Los resultadistas de turno se hartarán de glosar el inmenso talento de Sánchez, que siempre consigue lo que pretende aunque sea de carambola y trampeando como un tahúr de barrio. Lo cierto es que este presidente se hizo un lío con la reforma laboral, puso su mayoría parlamentaria en almoneda, bordeó el ridículo (a ver cómo explica en Bruselas que sacó adelante la reforma porque un diputado de la oposición apretó el botón equivocado) y se salvó de la catástrofe porque Calviño tomó a tiempo las riendas de la negociación e Inés Arrimadas se olvidó por un día de jugar a la política (Dios no la dotó para esas gatadas) y se limitó a obrar con sentido común.
Por otro lado, un líder de la oposición con reflejos y sin el olfato atrofiado habría convocado una rueda de prensa a los cinco minutos de anunciarse el acuerdo social para celebrarlo y anunciar su voto favorable. Si el movimiento de Arrimadas ha provocado un terremoto en la mayoría, imaginen lo que habría sucedido si eso mismo lo hubiera hecho Casado. Y en el debate de ayer habría intervenido personalmente en lugar de permitir que Yolanda Díaz le diera una somanta de palos a la pobre Cuca Gamarra, a la que conviene leerse los papeles y meterse unas cuantas sesiones de gimnasia parlamentaria antes de competir en un debate de mayor cuantía.
Si Sánchez es ya campeón indiscutible de la picaresca y el chanchullo, la figura del líder del PP se empequeñece por días. En parte, es víctima de una cultura acendrada en su partido, que le impide concebir otra forma de practicar la oposición que jugando al patadón y la brocha gorda. Por eso, cuando le ponen —como sucedió en esta ocasión— un balón botando en el área para empujarlo a la red, solo se le ocurre cerrar los ojos y atizarle de puntera para enviarlo a la grada.
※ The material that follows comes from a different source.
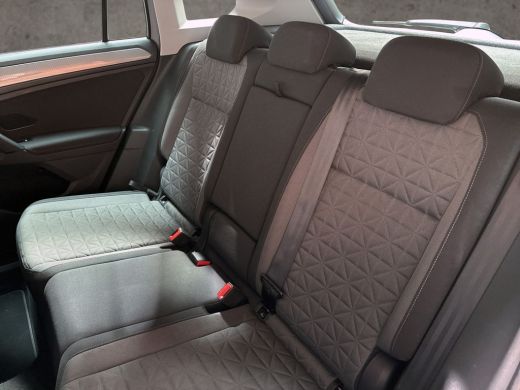 Volkswagen Tiguan 1.5 TSI Life Sport (VIRTUAL COCKPIT, APPLE CARPLAY, GROOT NAVI, KEYLESS, CAMERA, SPORTSTOELEN, GE... ActivLease financial lease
Están por verse los efectos políticos de este suceso parlamentario. Rufián se apresuró a decir preventivamente, “tranquilos, que esto no es el fin del mundo” antes de pegar la puñalada a Yolanda Díaz, que de eso trató su intervención (por cierto, con su bien armado discurso de ayer, Yolanda presentó una consistente candidatura a la secretaría general de Comisiones Obreras). Es inminente una reclamación de ERC sobre la mesa de negociación en Cataluña como prenda para paliar la cornada recíproca que se han propinado los socios.
Es prematuro medir el tamaño de la avería que este episodio haya producido en la llamada ‘mayoría de la investidura’. Una cosa es segura: Sánchez no dispone de una mayoría alternativa con la que gobernar el resto de la legislatura. No existe una supuesta ‘mayoría de la reforma laboral’ sobre la que pueda sostenerse este Gobierno. El conglomerado de fuerzas que dio paso a esta reforma fue puramente accidental y se evaporó en el mismo acto, más aún después de la astracanada en que se convirtió la votación.
Si el presidente del Gobierno quiere proseguir este viaje, solo tiene dos caminos: uno es reparar a toda velocidad la alianza con ERC y PNV —lo que nos costará un riñón a los españoles— y bajarle los humos a la ministra de Trabajo (para lo que contaría, sin duda, con la ayuda de Pablo Iglesias y sus delegadas en el Consejo de Ministros). El otro es tirar adelante como si gobernara en solitario, que sean los socios quienes rompan la baraja y esperar que la jugada le salga tan bien como a António Costa en Portugal. Proliferan los síntomas de que este es el camino elegido en el nuevo laboratorio monclovita
En días como este, es cuando más se echa de menos ‘La Codorniz’.